The party to whom a Rule 30(b)(6) deposition notice is directed has a duty to
‘“make a conscientious good-faith endeavor to designate the persons having knowledge
of the matters sought [by the party noticing the deposition] and to prepare those persons
in order that they can answer fully, completely, unevasively, the questions posed . . . as to
the relevant subject matters.’” Catalina Rental Apartments, Inc. v. Pacific Ins. Co., Ltd.,
No. 06- 20532-Civ, 2007 WL 917272, at *2 (S.D. Fla. Mar. 23, 2007) (quoting Bank of
New York v.
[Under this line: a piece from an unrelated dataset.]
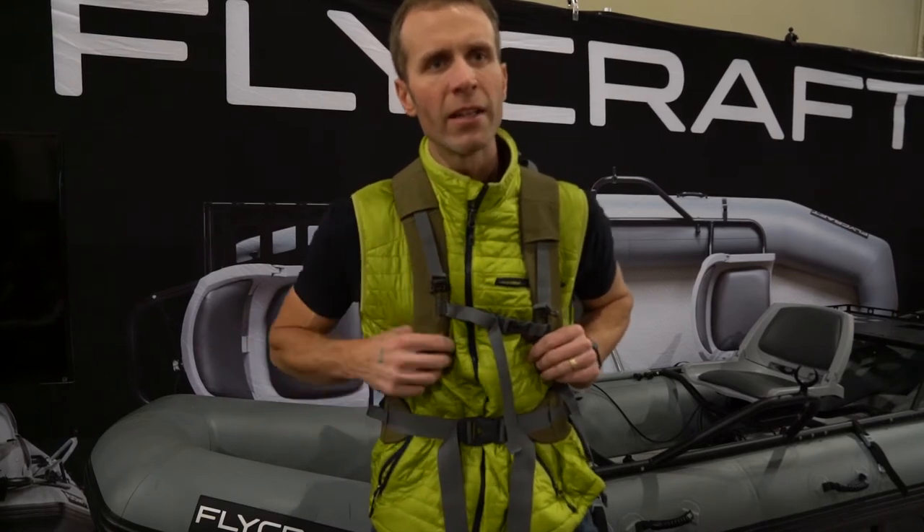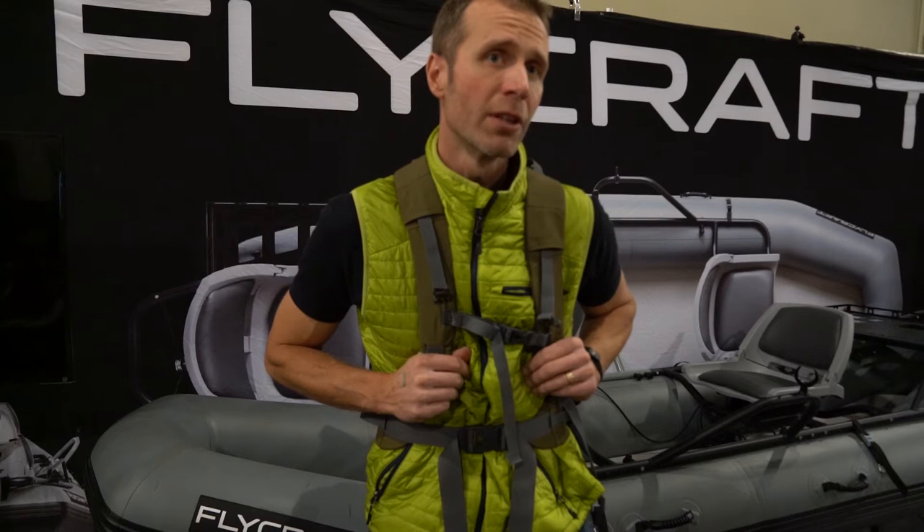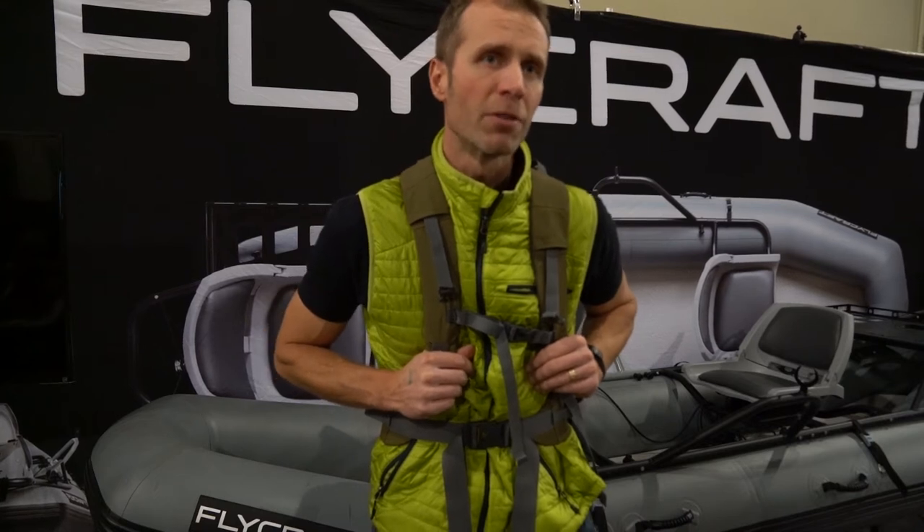Once I got the boat, I liked it so much I actually got a second boat for my wife. One of the things I like about the Flycraft is that when you look at the product, it's a very clean, simple design, but everything that's part of the boat is very well thought out. Everything is bare bones — exactly what you need. It's just a quality product. I've driven across the country three times on my vehicle with it, no issue. It's just a phenomenal piece of equipment.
Meridien BIAO Bank Tanzania Ltd., 171 F.R.D. 135, 151 (S.D.N.Y. 1997)).
The designating party may designate more than one witness if necessary to respond to a
relevant area of inquiry. Alexander v. F.B.I., 186 F.R.D. 148,151 (D.D.C. 1999). And, if
it becomes apparent that a corporate designee is deficient, the corporation must provide
a substitute or additional designees. McPherson v. Wells Fargo Bank, N.A., 292 F.R.D.
695, 698 (S.D. Fla. 2013).
A corporate representative need not be qualified as an expert and need not have
personal knowledge of the events giving rise to the action. Id.; Tampa Bay Shipbuilding
& Repair Co. v. Cedar Shipping Co., Ltd., 320 F.3d 1213, 1222-23 (11th Cir. 2003)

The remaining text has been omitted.